DATA FOR THIS TASK:
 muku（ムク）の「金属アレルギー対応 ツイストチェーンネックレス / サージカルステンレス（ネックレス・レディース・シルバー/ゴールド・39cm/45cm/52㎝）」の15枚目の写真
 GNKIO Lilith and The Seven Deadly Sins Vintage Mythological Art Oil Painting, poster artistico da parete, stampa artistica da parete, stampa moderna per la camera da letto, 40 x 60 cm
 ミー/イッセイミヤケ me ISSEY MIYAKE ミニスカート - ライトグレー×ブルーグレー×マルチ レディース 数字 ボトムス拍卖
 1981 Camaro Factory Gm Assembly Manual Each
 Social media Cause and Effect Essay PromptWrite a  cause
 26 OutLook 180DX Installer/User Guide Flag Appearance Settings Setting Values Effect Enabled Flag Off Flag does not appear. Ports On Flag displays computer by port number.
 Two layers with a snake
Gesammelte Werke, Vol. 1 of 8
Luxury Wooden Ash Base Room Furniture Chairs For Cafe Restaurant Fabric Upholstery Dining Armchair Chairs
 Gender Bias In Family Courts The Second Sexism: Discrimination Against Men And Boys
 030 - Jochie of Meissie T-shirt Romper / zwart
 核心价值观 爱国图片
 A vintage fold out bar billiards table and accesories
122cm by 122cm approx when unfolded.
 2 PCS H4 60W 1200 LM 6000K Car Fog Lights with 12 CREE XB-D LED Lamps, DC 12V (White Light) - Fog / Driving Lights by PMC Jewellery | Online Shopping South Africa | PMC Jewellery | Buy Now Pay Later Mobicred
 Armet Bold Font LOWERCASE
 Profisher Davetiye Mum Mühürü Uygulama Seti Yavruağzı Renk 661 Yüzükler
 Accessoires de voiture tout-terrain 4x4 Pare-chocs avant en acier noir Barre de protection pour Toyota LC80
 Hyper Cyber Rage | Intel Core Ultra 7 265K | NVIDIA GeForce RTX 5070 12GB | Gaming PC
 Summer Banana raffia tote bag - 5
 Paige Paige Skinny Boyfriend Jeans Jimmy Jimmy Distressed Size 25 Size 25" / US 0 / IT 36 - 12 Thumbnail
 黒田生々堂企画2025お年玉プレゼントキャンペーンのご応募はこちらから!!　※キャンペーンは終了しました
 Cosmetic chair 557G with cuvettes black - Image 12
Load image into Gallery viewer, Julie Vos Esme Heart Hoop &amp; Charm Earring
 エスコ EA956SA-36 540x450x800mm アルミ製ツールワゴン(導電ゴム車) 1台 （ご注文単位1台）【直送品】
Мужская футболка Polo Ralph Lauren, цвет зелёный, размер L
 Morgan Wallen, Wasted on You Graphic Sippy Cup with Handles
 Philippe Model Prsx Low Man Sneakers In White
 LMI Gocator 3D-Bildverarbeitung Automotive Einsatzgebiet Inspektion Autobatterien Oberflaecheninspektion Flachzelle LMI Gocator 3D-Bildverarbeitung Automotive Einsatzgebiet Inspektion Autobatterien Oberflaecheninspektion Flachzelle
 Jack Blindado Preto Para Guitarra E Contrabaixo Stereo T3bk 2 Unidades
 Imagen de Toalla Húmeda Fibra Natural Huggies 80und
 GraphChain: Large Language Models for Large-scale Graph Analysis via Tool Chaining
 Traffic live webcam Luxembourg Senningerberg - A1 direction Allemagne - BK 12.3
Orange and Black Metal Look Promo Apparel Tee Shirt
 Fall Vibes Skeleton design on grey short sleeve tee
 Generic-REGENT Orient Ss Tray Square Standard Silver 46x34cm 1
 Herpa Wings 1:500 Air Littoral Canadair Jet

WHAT TO DO:
Every line containing the word "with" should be copied from the material.

EXERCISE RESULT:
 Two layers with a snake
 2 PCS H4 60W 1200 LM 6000K Car Fog Lights with 12 CREE XB-D LED Lamps, DC 12V (White Light) - Fog / Driving Lights by PMC Jewellery | Online Shopping South Africa | PMC Jewellery | Buy Now Pay Later Mobicred
 Cosmetic chair 557G with cuvettes black - Image 12
 Morgan Wallen, Wasted on You Graphic Sippy Cup with Handles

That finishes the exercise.